DIRECTIONS FOR THIS TASK: Return all the lines below exactly. Any picture among them is omitted.

DATA SHOWN:
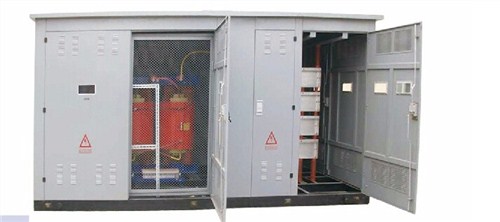 甘肃智能接地电阻柜货真价实,接地电阻柜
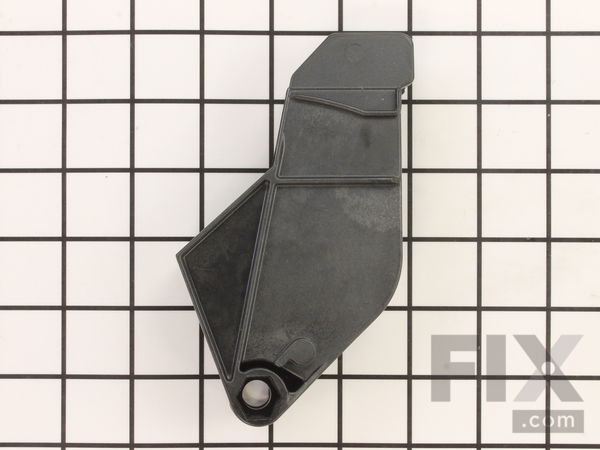 10151906-1-M-Makita-453634-2-Guard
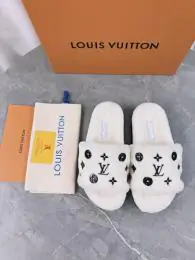 louis vuitton chaussons pour femme s_1244753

WRITTEN SOLUTION:
 甘肃智能接地电阻柜货真价实,接地电阻柜
 10151906-1-M-Makita-453634-2-Guard
 louis vuitton chaussons pour femme s_1244753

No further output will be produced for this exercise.